Print version ISSN 0102-311X

Cad. Saúde Pública vol.28 n.11 Rio de Janeiro Nov. 2012

http://dx.doi.org/10.1590/S0102-311X2012001100008 

ARTIGO ARTICLE

 

Nível de hemoglobina entre idosos e sua associação com indicadores do estado nutricional e uso de serviços de saúde: Projeto Bambuí

 

Hemoglobin level in older adults and the association with nutritional status and use of health services: the Bambuí Project

 

 

Clarice Lima Álvares da SilvaI,II; Maria Fernanda Lima-CostaI; Josélia Oliveira Araújo FirmoI; Sérgio Viana PeixotoI,III

INúcleo de Estudos em Saúde Pública e Envelhecimento, Fundação Oswaldo Cruz/Universidade Federal de Minas Gerais, Belo Horizonte, Brasil
IICentro de Pesquisas René Rachou, Fundação Oswaldo Cruz, Belo Horizonte, Brasil
IIIEscola de Enfermagem, Universidade Federal de Minas Gerais, Belo Horizonte, Brasil

Correspondência

 

 


RESUMO

O objetivo deste estudo foi descrever a prevalência de anemia e avaliar a associação de nível de hemoglobina (Hb) com indicadores do estado nutricional e uso de serviços de saúde em uma população idosa (≥ 60 anos). Dos 1.742 idosos participantes da linha de base da coorte de Bambuí, Minas Gerais, Brasil, foram incluídos 1.441 (82,7%). A variável dependente foi o nível de Hb e as independentes foram número de hospitalizações e visitas ao médico nos 12 meses precedentes à entrevista, índice de massa corporal (IMC) e albumina sérica. Foi realizada regressão linear multivariada estratificada por sexo e ajustada por fatores de confusão. A prevalência de anemia foi baixa na população (4,5%), sem diferenças entre sexos e significativamente maior em idosos mais velhos (10,2%). Baixos níveis de Hb foram associados ao maior número de consultas médicas e a menores valores de albumina sérica e IMC em ambos os sexos. O estudo sugere um ciclo complexo entre baixos níveis de Hb, desnutrição e atendimento médico, o que deve ser considerado na estruturação de programas de saúde para idosos.

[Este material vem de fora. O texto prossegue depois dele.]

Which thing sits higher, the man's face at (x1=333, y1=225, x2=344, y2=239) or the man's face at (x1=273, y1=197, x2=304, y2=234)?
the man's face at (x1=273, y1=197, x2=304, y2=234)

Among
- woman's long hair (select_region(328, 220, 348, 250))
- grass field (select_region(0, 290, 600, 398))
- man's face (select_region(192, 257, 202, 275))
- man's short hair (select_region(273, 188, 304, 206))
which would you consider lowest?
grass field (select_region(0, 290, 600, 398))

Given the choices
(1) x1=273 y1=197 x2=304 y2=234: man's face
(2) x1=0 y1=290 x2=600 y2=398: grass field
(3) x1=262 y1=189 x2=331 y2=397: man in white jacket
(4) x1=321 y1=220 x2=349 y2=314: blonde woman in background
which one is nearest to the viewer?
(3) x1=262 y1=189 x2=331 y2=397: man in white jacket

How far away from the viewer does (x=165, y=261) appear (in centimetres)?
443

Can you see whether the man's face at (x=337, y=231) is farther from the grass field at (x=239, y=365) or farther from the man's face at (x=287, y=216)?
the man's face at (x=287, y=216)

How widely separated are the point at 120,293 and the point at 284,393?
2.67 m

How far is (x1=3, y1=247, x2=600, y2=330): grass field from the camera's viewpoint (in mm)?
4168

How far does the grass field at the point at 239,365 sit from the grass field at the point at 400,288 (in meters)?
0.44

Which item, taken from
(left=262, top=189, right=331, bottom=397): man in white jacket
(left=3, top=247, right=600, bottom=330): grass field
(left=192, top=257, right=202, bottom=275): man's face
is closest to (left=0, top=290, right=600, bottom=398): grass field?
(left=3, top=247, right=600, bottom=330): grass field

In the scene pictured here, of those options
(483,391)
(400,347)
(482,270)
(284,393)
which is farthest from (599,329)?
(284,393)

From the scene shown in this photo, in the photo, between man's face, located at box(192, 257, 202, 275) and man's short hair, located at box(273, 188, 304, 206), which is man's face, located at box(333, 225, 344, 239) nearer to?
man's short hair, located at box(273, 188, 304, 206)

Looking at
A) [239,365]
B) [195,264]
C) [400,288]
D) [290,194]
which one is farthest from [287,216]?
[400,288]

Envelhecimento; Hemoglobinas; Anemia; Estado Nutricional; Serviços de Saúde


ABSTRACT

This study aimed to describe the prevalence of anemia and to evaluate the association between hemoglobin (Hb) level and indicators of nutritional status and health services utilization in an elderly population (≥ 60 years). Of the 1,742 older adults in the baseline of the Bambuí cohort, 1,441 (82.7%) were included. The dependent variable was Hb level, and the independent variables were number of hospitalizations and physician visits in the previous 12 months, body mass index (BMI), and serum albumin. Multivariate linear regression was performed, stratified by gender and adjusted for confounding factors. Prevalence of anemia was low (4.5%), with no difference by gender, and higher in the oldest old (10.2%). Low Hb level was associated with more physician visits and lower serum albumin and BMI in both men and women, suggesting a complex cycle between low Hb level, malnutrition, and medical care that should be considered when structuring health programs for the elderly.

Aging; Hemoglobins; Anemia; Nutritional Status; Health Services


 

 

Introdução

Os níveis de hemoglobina (Hb) tendem a diminuir com o aumento da idade, pois a modulação hematopoiética se torna desbalanceada em decorrência da menor habilidade da medula óssea para responder a estímulos adversos, tais como sangramentos, infecções e danos citotóxicos1,2. A anemia é, então, considerada um problema de saúde nessa população3,4, sendo elevada a sua prevalência após os 60 anos e ainda maior entre aqueles com 80 anos ou mais5,6,7,8.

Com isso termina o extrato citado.